Patients who took opioids long-term were also more likely to have ataxic or irregular breathing during NREM sleep, compared with patients not taking opioids.

In yet another meta-analysis and systematic review she related, researchers found across 803 patients in seven studies that long-term opioids users had a modestly increased risk for central sleep apnea but no similar increased risk for obstructive sleep apnea (J Clin Sleep Med. 2016 Apr 15;12[4]:617-25).

“REM and slow-wave sleep are decreased across all categories of opioid use — intravenous morphine, oral morphine, or methadone and heroin,” she said.

Since some patients are still going to need opioids, such as methadone therapy for those recovering from opioid use disorder, it’s important to understand appropriate effective treatments for central sleep apnea.

“CPAP [continuous positive airway pressure] is generally ineffective for opioid-induced sleep apnea and may augment central events,” Dr. Rajagopal explained, but adaptive servo ventilation (ASV) is effective for opioid-induced central apneas.

In one study of 20 patients receiving opioid therapy and referred for obstructive apnea, for example, the participants were diagnosed instead with central sleep apnea (J Clin Sleep Med. 2014 Jun 15;10[6]:637-43). The 16 patients who received CPAP continued to show central sleep apnea, with an AHI of 34 events/hour and central-apnea index (CAI) of 20 events/hour. Even after a four-week break before restarting CPAP, patients’ apnea did not resolve.

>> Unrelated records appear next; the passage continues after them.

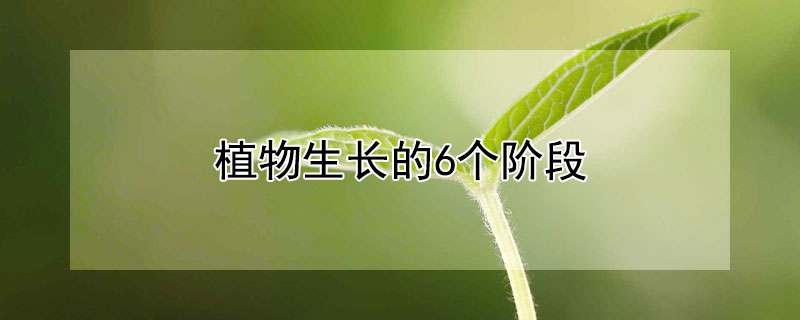 植物生长的6个阶段 植物生长的6个阶段图片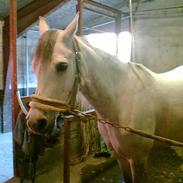 Arabisk fuldblod (OX) Zagros *Aflivet*  :(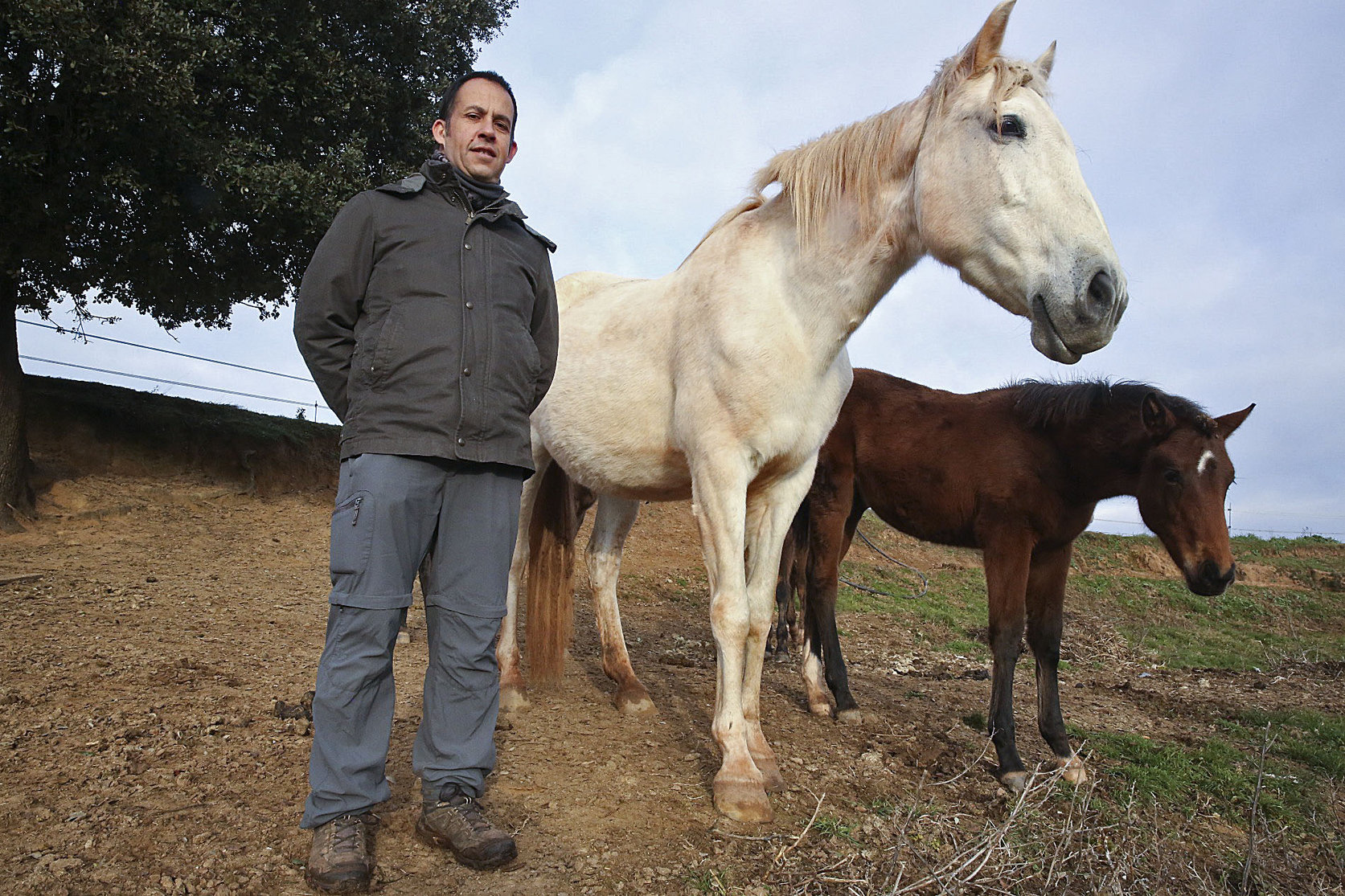 CREA Veterinaris deTaradell, amb Guillem Formiguera, el seu director tècnic, al capdavant, és un exemple d'empresa que innova al voltant del món del cavall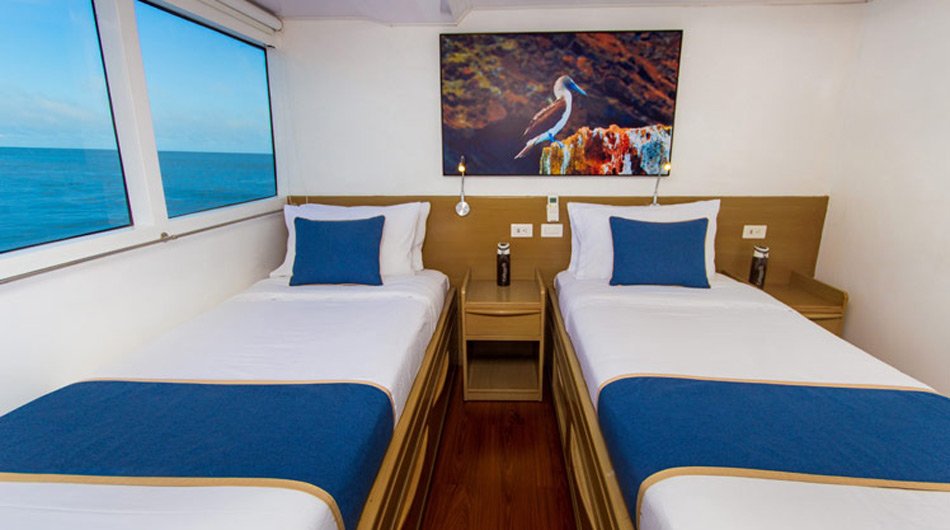 Twin Cabin - Calipso Galapagos Ship 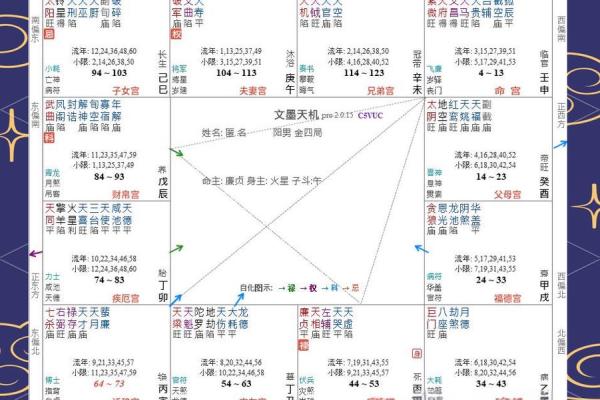 紫薇星命盘解读金牛座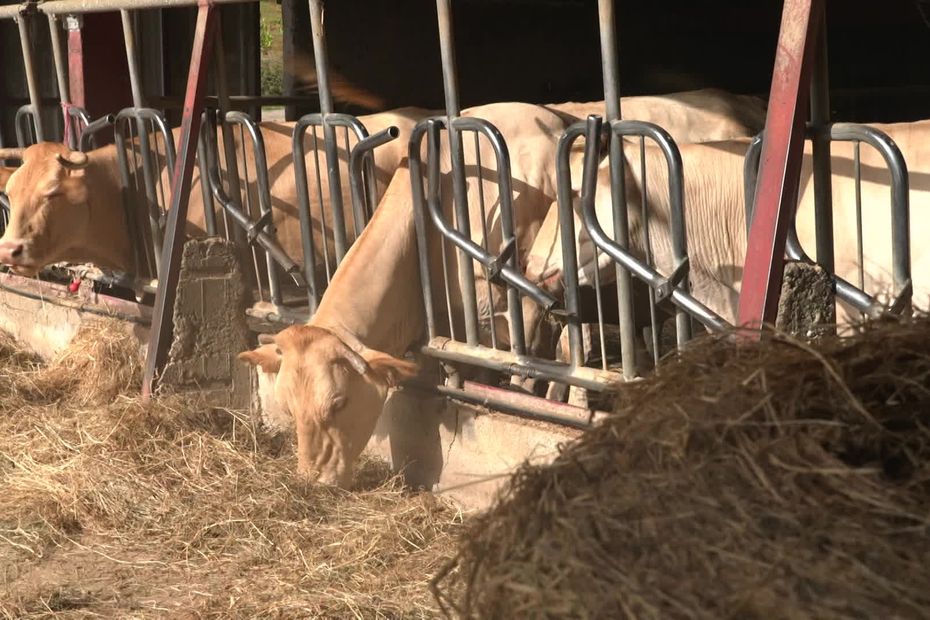 Transhumance interdite au Pays basque : éleveurs bloqués par refus de vaccination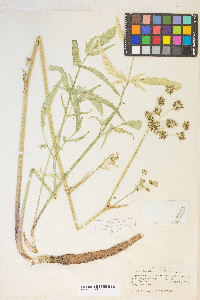 Angelica kingii image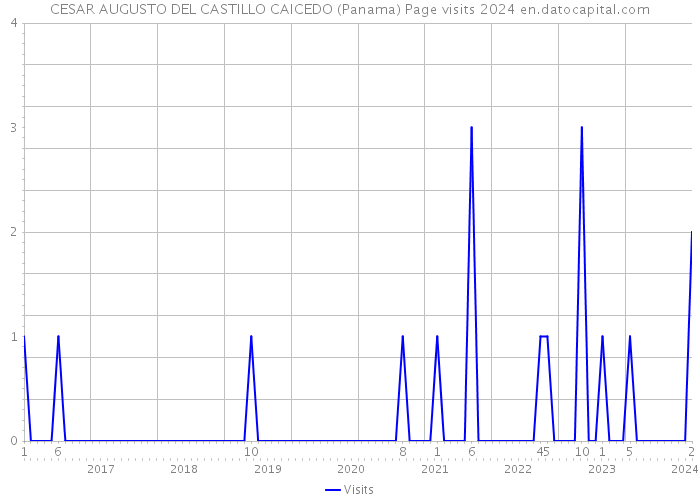 CESAR AUGUSTO DEL CASTILLO CAICEDO (Panama) Page visits 2024 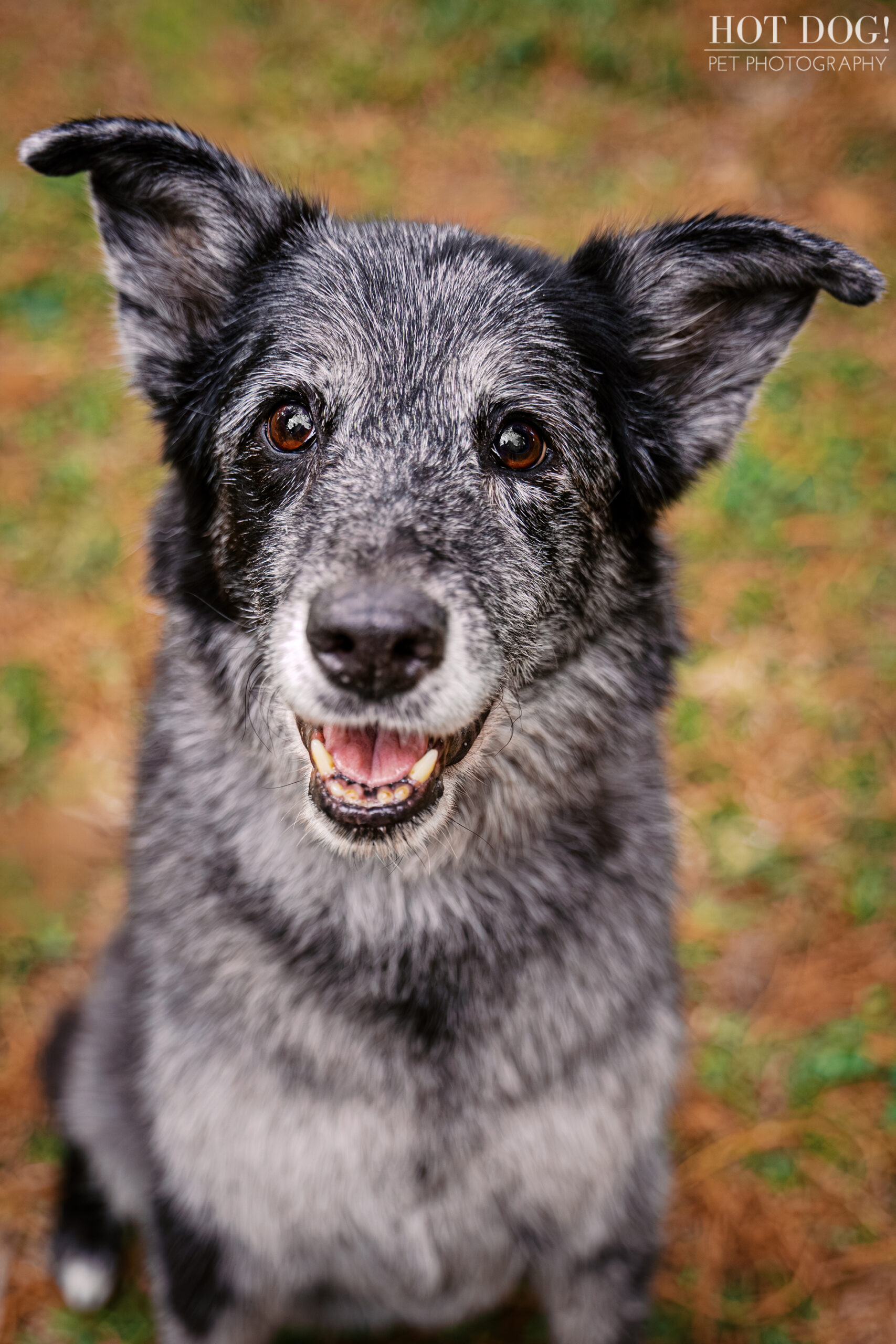 Close-up portrait of Sadie the senior Aussie mix with perked ears and bright eyes at Cypress Grove Park.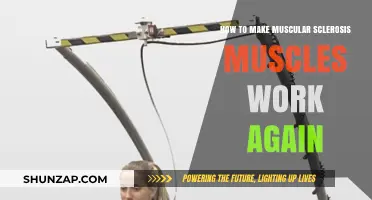 Reviving Muscular Sclerosis Muscles: Effective Strategies for Restoring Function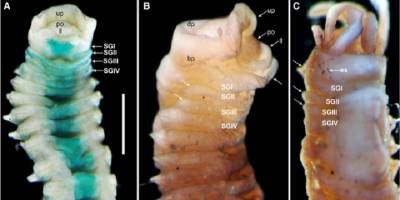 Ege Denizi'nde keşfedilen yeni denizel omurgasız türü literatüre girdi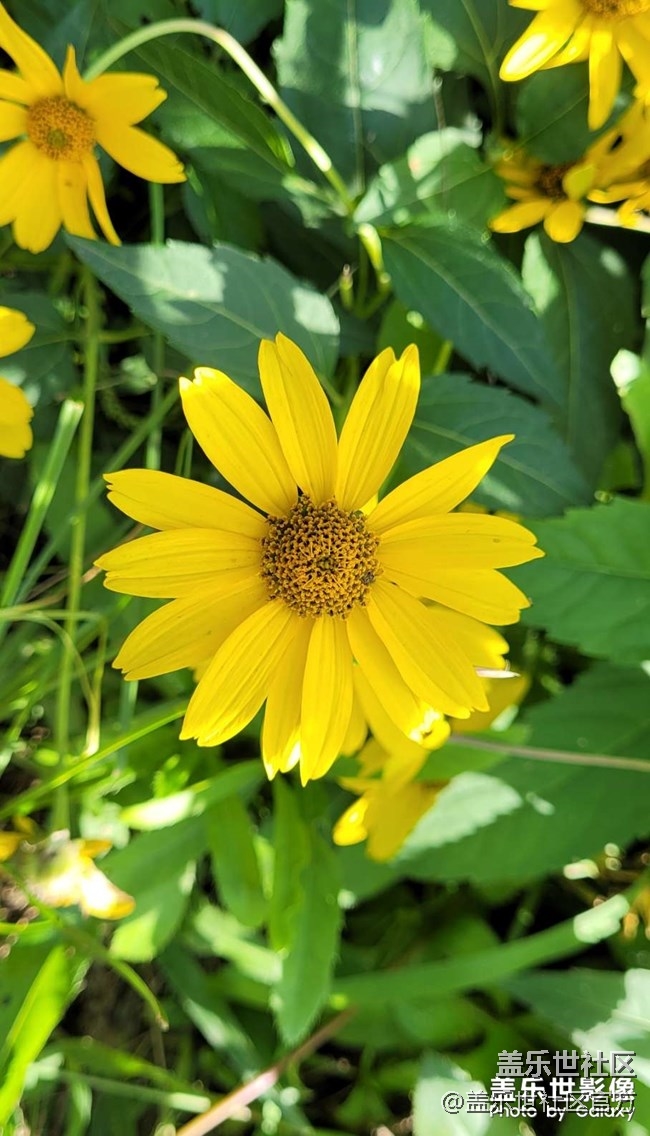 《每周星鮮事》 第84期:星鮮創(chuàng)造營(yíng)第十二期 絢麗開(kāi)營(yíng) 《每周星鮮事》 第84期:星鮮創(chuàng)造營(yíng)第十二期 絢麗開(kāi)營(yíng)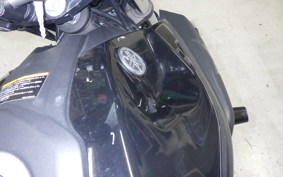 YAMAHA MT-25 2013 RG10J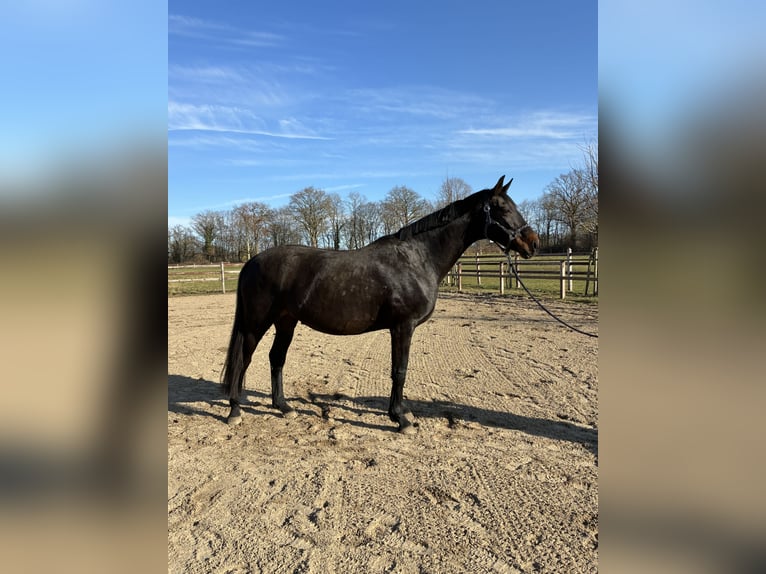 Oldenburg Mare 14 years 17 hh Bay-Dark in Blunk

After receiving ASV, however, the average AHI dropped to 11 events/hour and CAI dropped to 0 events/hour. Those changes were accompanied by improvements in oxygen saturation, with the oxyhemoglobin saturation nadir increasing from 83% to 90%.

Similarly, a prospective multi-center observational trial assessed 27 patients with central apnea after they used ASV at home for three months (Chest. 2015 Dec;148[6]:1454-1461). The participants began with an average AHI of 55 and CAI of 23 at baseline. CPAP dropped these values only to an AHI of 33 and CAI of 10, but treatment with ASV dropped them to an AHI of 4 and CAI of 0 (P less than .001).